There are many opportunities available for people looking to turn some money that they have saved into even more money. Trading focuses on doing this in a short while. But the hardest part of trading for many people is that they dont want to lose their money. Luckily, there are some things you can do to protect your trading capital from catastrophic losses.
The first thing that you need to do is to make sure that you can afford to lose the money you are using. No one wants to lose money, but by trading with next months rent money, you are putting yourself in a good deal of risk. When you become too attached to your money, you start making mistakes. Perhaps you will be a little sluggish to enter a trade, even though your Trade Vantage is telling you to go. Or even worse, you made the trade, started losing money, and then tried to chase your losses and end up losing even more as a result. Trading is a dangerous world and if you are having your judgment clouded by emotions, you will make mistakes.

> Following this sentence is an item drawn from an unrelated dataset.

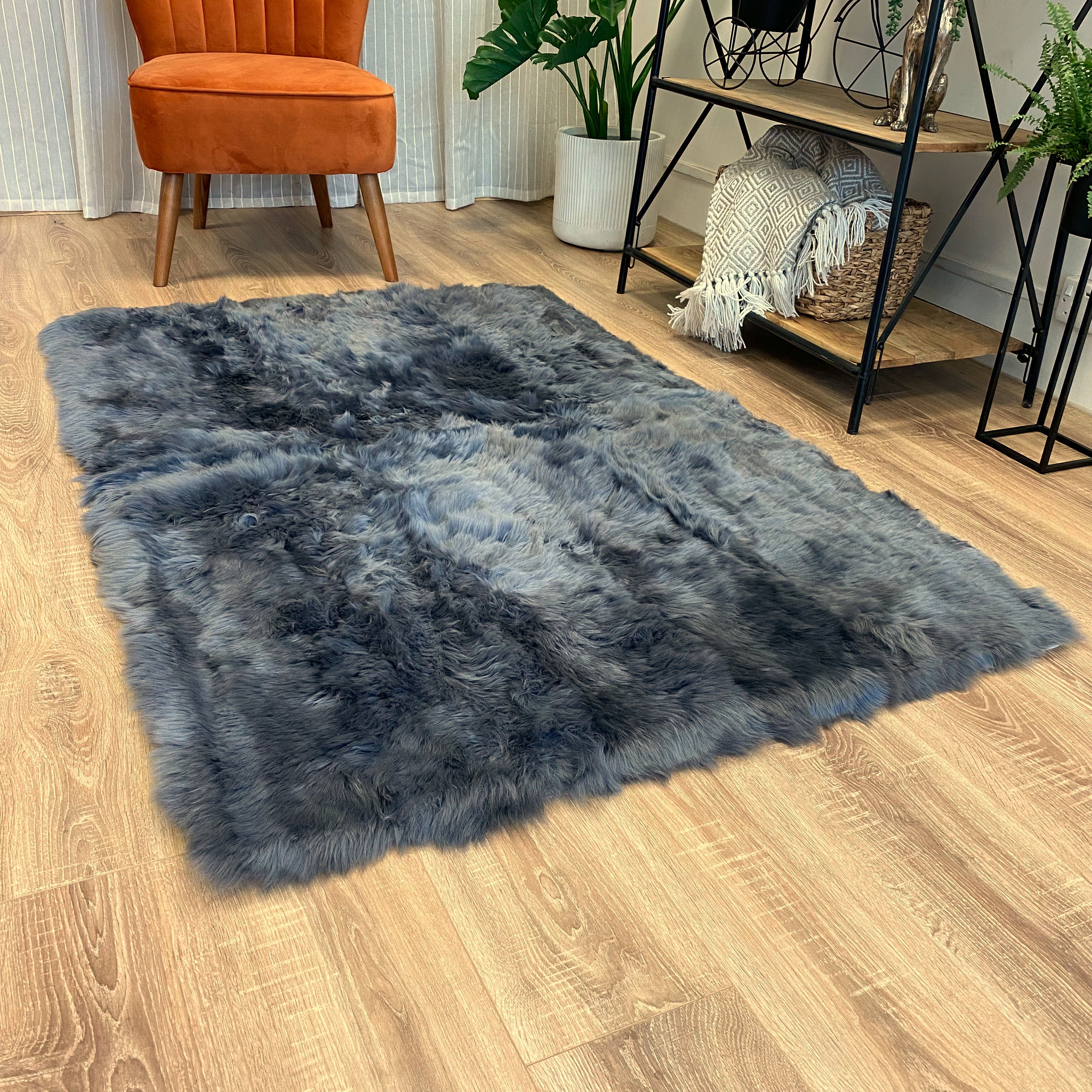 An image of Rectangular Lined Charcoal Sheepskin Rug 200 x 140cm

The next step to preventing large losses of money is to make sure you have the proper safeguards in place. Stop-loss orders are a type of order that you will give to your broker that will automatically trigger a closing of your position if the price of the asset you are trading reaches that point. If you buy 10 shares of Apple at $550 each, you might want to put a stop-loss point at $525 in order to prevent a freefalling stock from wiping out your trading capital. Assume Apple falls down to $500 after your trade was ended by the stop-loss order. Just by giving this extra information to your broker, you are saving $250.
With a short sale, you will want to have your stop-loss point above the current price. In the Apple example, assume you think that the price will drop from $550 to $500 and you borrow the shares to sell them short. If the price goes up instead, your stop-loss order will prevent the huge losses that a soaring stock can pose to short sellers.